No Sydney, don’t get distracted by that guys dancing, you’re uncovering a mystery!
The way the orb works is kind of misrepresented on this page, cause it looks like the truesight gives her a myopic little pinhole to see through. If I had twice the space to draw this page I would have done a before and after panel to show the difference between the two. I could have made it a double, but I’d also need more time to draw it as well, so you guys get the “she’s releasing and grabbing the orb and seeing the Star Wars circle wipe of the truseight reasserting itself” effect. Also, unrelated, but that club is pretty bangin’ for a Wednesday night. Maybe a lot of people declared it “Superheroes are a thing” day and are throwing parties all over the place tonight.
I’m not yet ready to reveal what is going on yet obviously, but for the sake of discussion, let’s say you’re an alien and you come to Earth on vacation or for a semester abroad or something, and you have a watch that can disguise you as a human. How do you decide what to look like?
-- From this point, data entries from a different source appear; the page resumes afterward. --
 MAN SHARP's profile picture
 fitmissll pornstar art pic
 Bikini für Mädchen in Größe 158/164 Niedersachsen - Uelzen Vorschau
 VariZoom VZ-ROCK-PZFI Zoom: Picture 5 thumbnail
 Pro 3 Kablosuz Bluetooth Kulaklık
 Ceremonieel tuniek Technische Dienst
Lets assume you’re from a species with binary gender and you can’t change that, but wouldn’t you want to look like the most privileged race in the area you’re visiting? That seems like that would be the default setting, but maybe you like standing out, so you’d disguise yourself as a black guy when visiting Japan. That would make you stand out for sure there. And would an alien know what constitutes an attractive or even a normal looking human? Probably the only way it would work was if there was some tourism bureau who assigned your human form hologram and you couldn’t make any changes while you were there, otherwise they might be tempted to tweak it as they learn what make humans attractive to each other. It also would mean you probably couldn’t get a tattoo while you were there unless your disguise was especially sophisticated. This is assuming that if you can eat the local food then tattoo ink probably isn’t going to dissolve your arm or anything. You’d probably have to get shots before you went so not only would you not have problems with local viruses, but also so you didn’t exhibit allergies to all pollen or so that rotten milk didn’t get you drunk.
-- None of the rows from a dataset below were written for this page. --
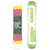 DC PBJ Rocker Snowboard 2012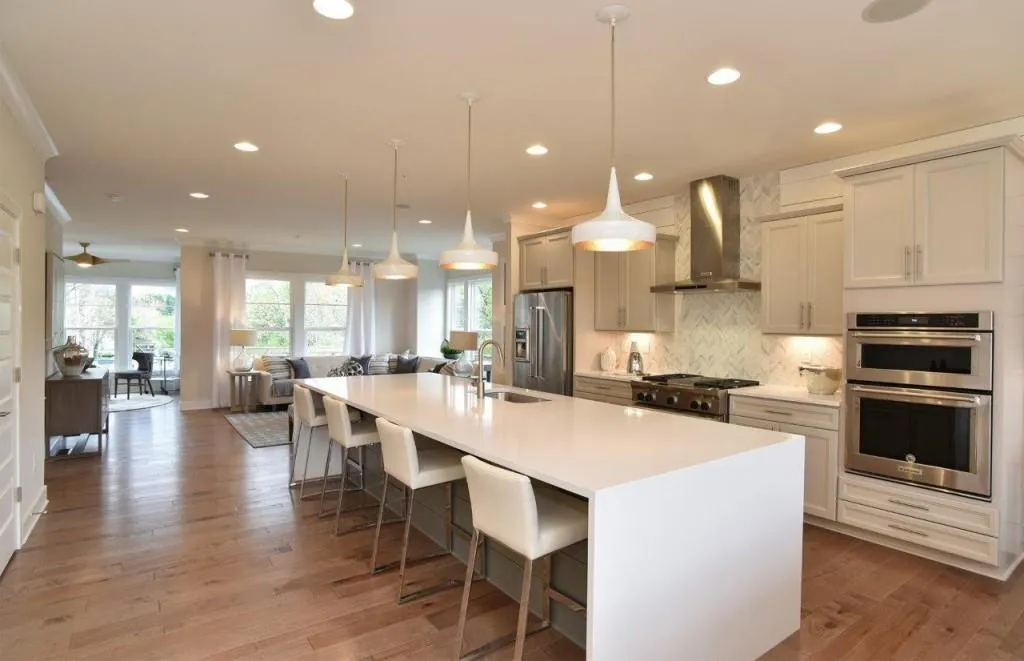 854 Stone Crest Road Unit 15, Atlanta, Georgia 30324, 3 Bedrooms Bedrooms, ,3 BathroomsBathrooms,Residential,Sold,854 Stone Crest Road Unit 15,5904379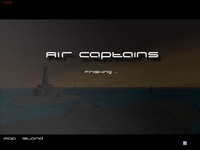 Air Captains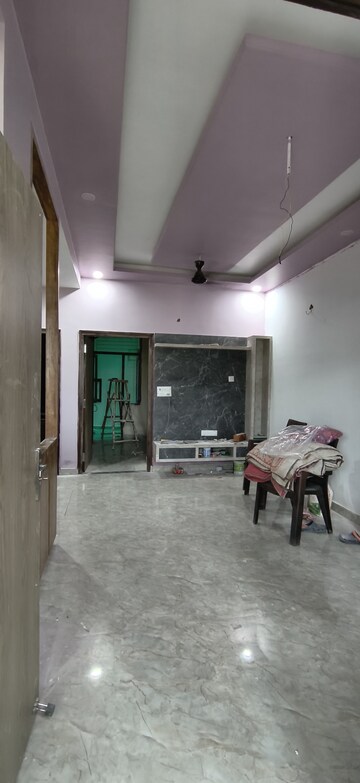 Dining area in 4 BHK Villa at Jagatpura – for Sale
Sydney jokes about black people being better dancers, (I’m a terrible dancer so I drag the average down for all white people) but really, beyond some pretty superficial cosmetic differences humans are really quite similar. In fact there is generally agreement among scientists that race is more of a sociological construct than a biological one, but imagine if you were going to a planet in disguise as a native, and among this species, one “race” was better at juggling and another had better memory and another could digest plant matter better. You’d probably have to disguise yourself according to your ability to pass as that subset of the species.
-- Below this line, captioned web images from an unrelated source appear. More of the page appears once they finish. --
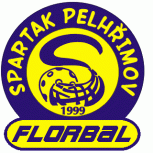 Spartak Pelhimov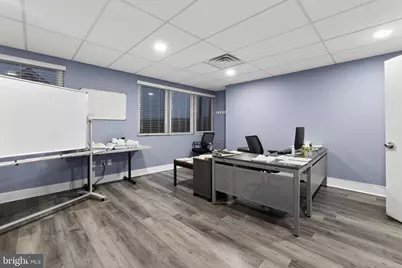 1501 N Walnut Street, Wilmington, DE 19801 - Photo 53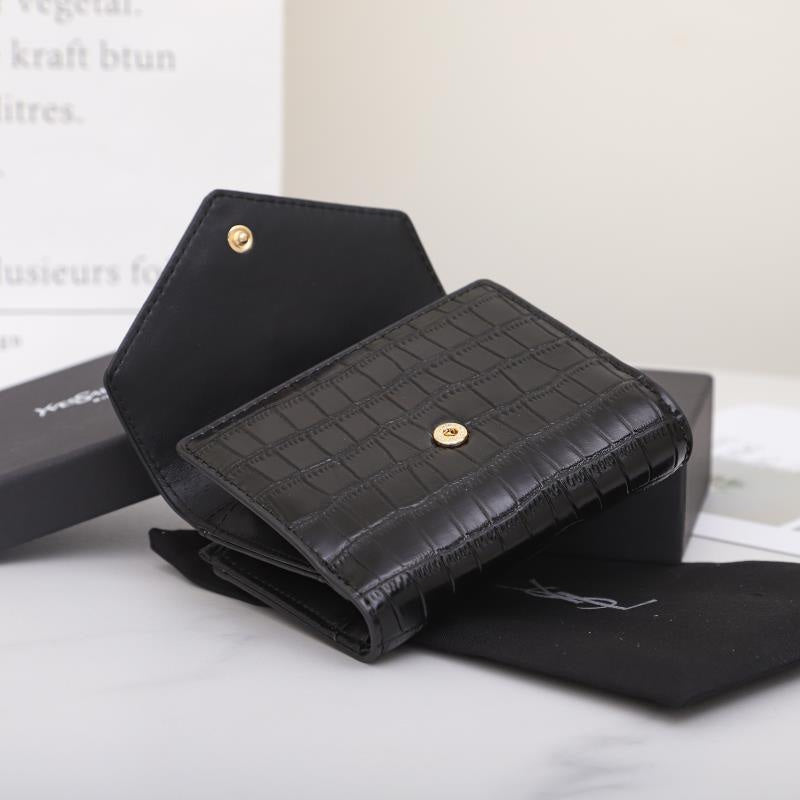 COZY BAGS - YLS Wallet - 102
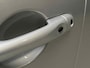 Renault Clio 1.6 Turbo R.S. /Camera /MAXTON /Leder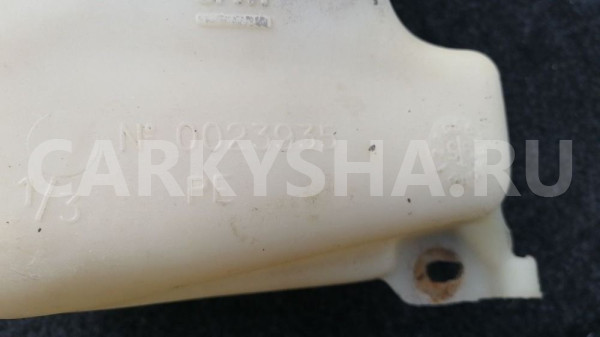 Бачок омывателя opel astra f Opel Astra оригинальный номер 0023935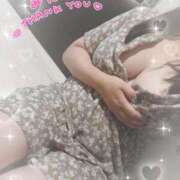 ヒメ日記 2025/11/13 21:04 投稿 ちい ぽちゃLOVE(サンライズグループ)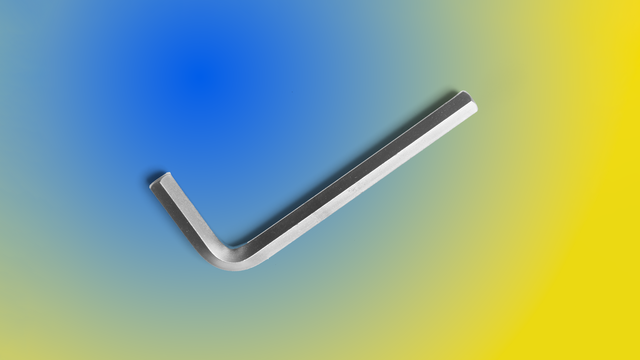 (+) Hirnforschung: Das Geheimnis des Ikea-Regals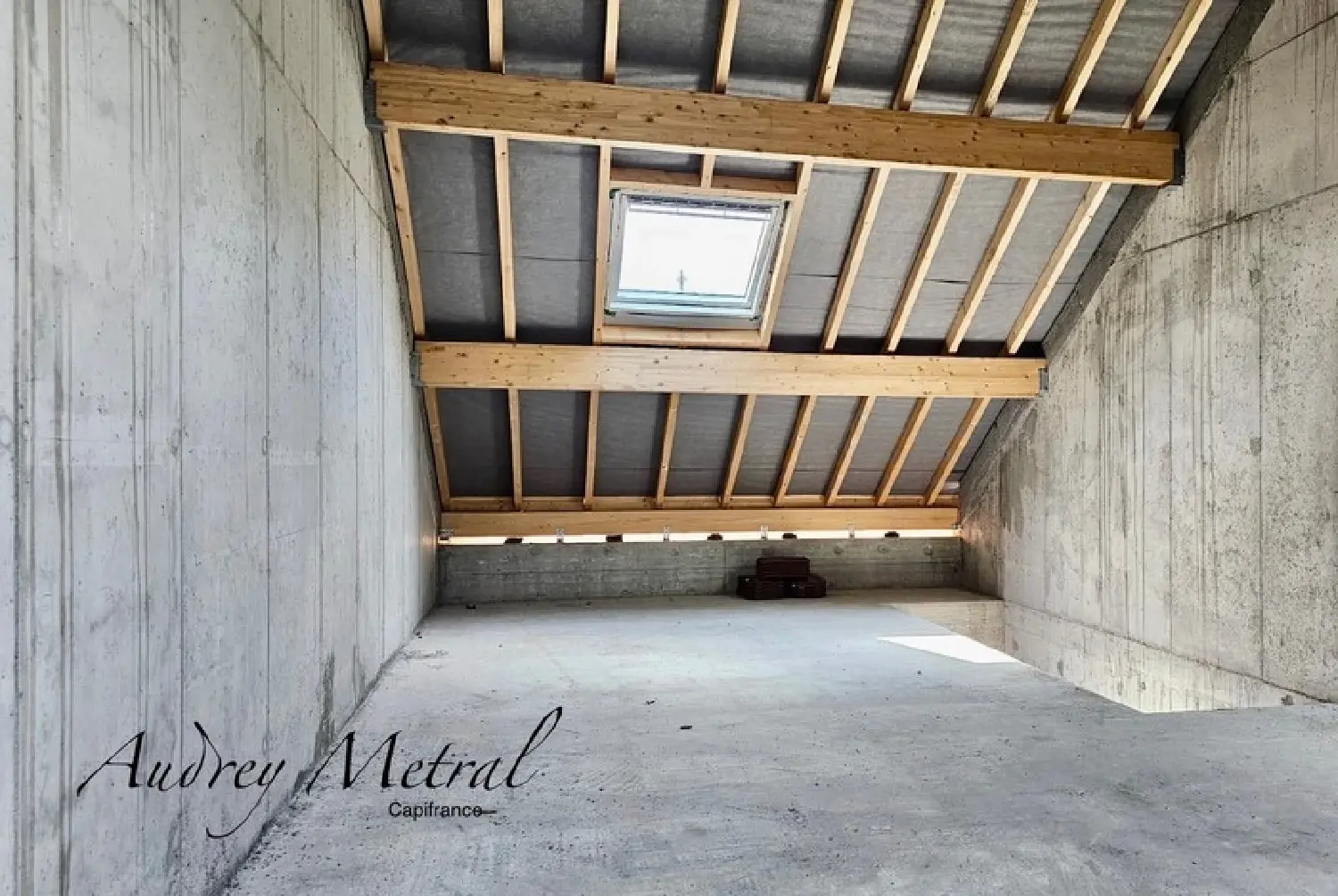  te koop huis Menthonnex-Sous-Clermont Haute-Savoie 5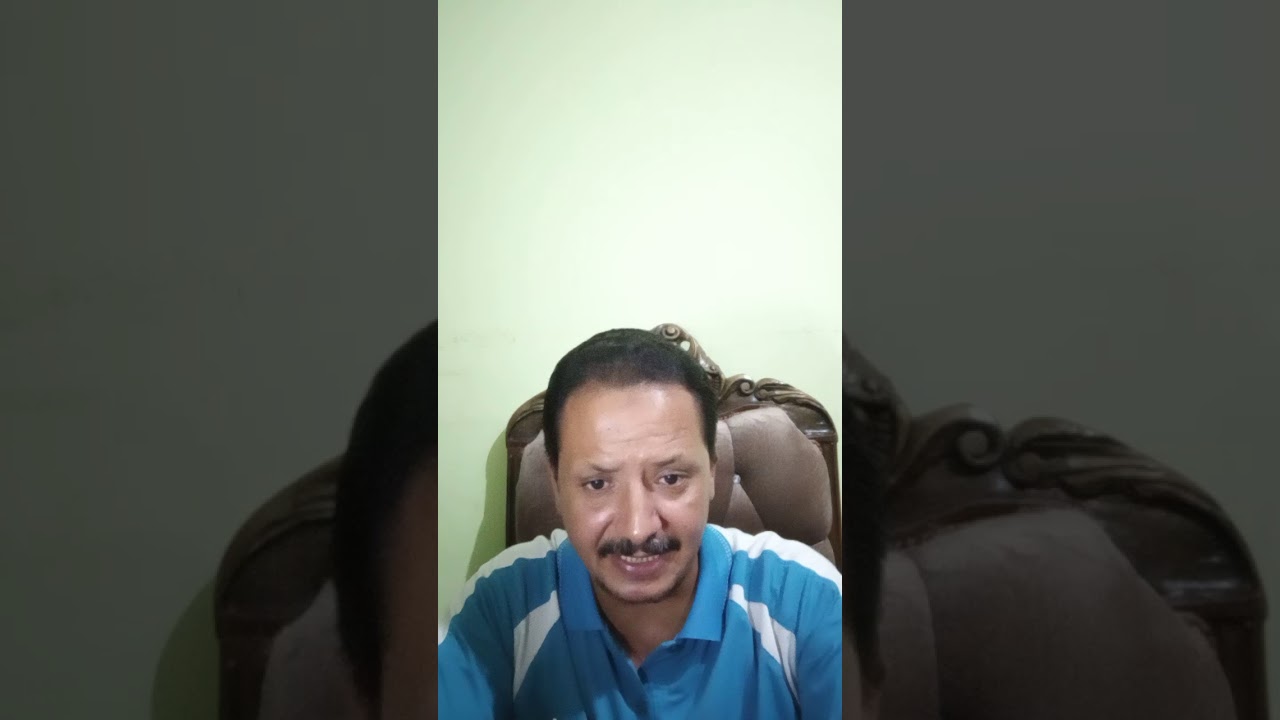خطوات عمل البحث الاجتماعى وأخطاء الاخصائى عند عمل البحث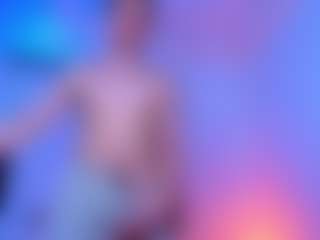 marcushanks1's Live Sex Cam Show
Humans are enormously good at identifying each other from our facial features, so much so that we absolutely take it for granted. I always wonder what would happen if we met an alien race that looked just different from us (or totally different) that we simply couldn’t differentiate them based on facial recognition. If they didn’t have some identifying thing about them that we could use, like one guy has a dimple in face chitin, or another has pale blotches above his eye array, that could make things really awkward. I’d love to see some sci-fi show deal with stuff like that, where there are aliens that are relatable sociologically (not weird cryptic aliens like the Vorlons), but they all have lobster faces and the humans can’t tell them apart and they can’t tell us apart. Heck, we probably couldn’t even differentiate genders, and they’d probably have the same problem unless facial hair was involved.
Crap I forgot Peggy’s tattoos. I’ll get that fixed.